What needs to be done: Please reproduce the data exactly, excluding any pictures it contains.

Data:
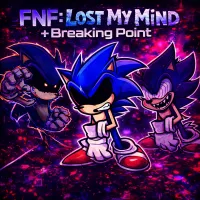 Play FNF: Lost My Mind + Breaking Point now!
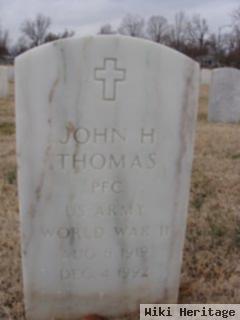 John H Thomas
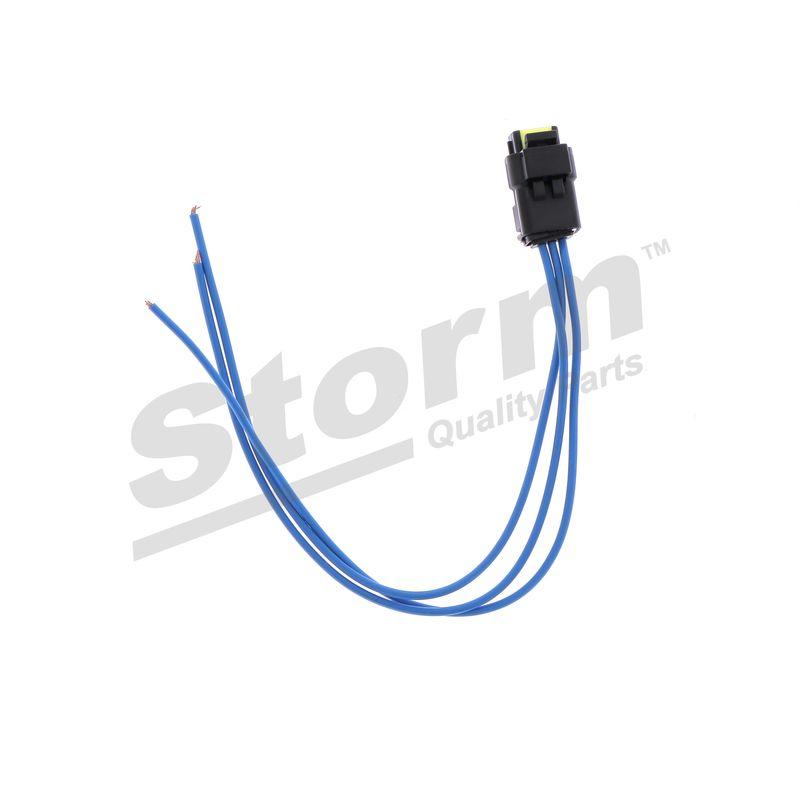 Kit réparation de câble, capteur de pression de carburant STORM QUALITY PARTS 999530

Response area:
 Play FNF: Lost My Mind + Breaking Point now!
 John H Thomas
 Kit réparation de câble, capteur de pression de carburant STORM QUALITY PARTS 999530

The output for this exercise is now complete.